Segment Start: Materials provided

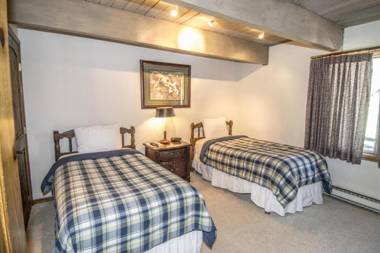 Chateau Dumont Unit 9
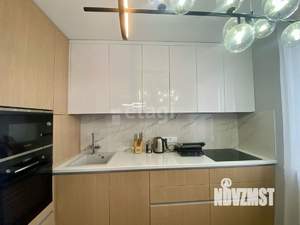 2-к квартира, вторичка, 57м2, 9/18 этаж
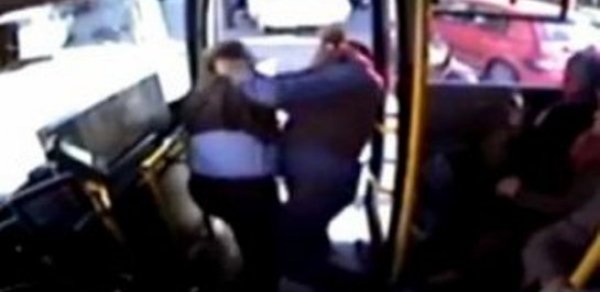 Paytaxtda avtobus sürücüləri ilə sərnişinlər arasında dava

Segment End: Materials provided
Segment Start: Materials provided

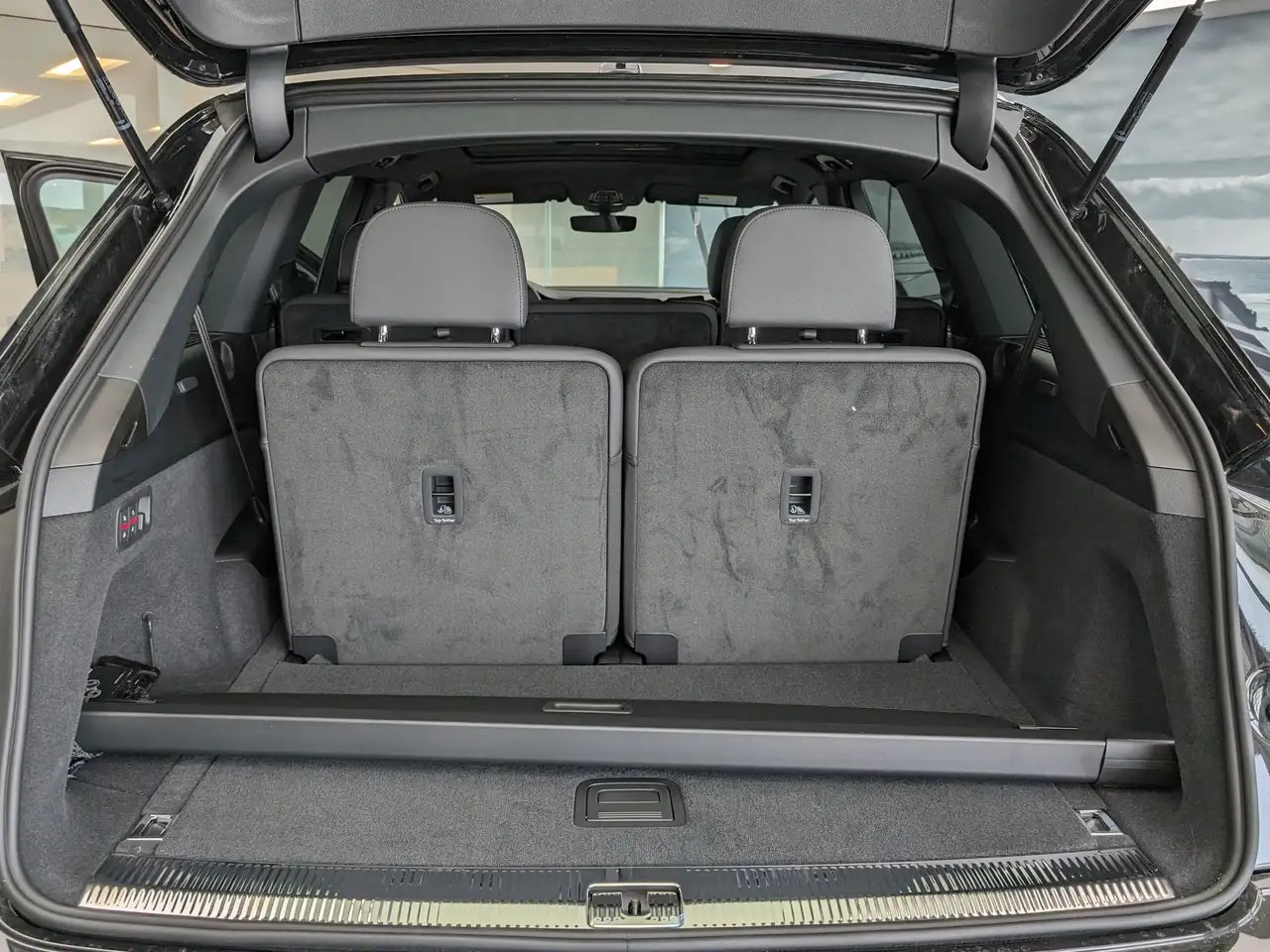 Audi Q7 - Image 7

Segment End: Materials provided

Leave the pictures out, and transcribe exactly the lines above starting at the one that contains "Chateau Dumont Unit 9" and ending at the one that contains "Paytaxtda avtobus sürücüləri".

_Reply to the exercise_
 Chateau Dumont Unit 9
 2-к квартира, вторичка, 57м2, 9/18 этаж
 Paytaxtda avtobus sürücüləri ilə sərnişinlər arasında dava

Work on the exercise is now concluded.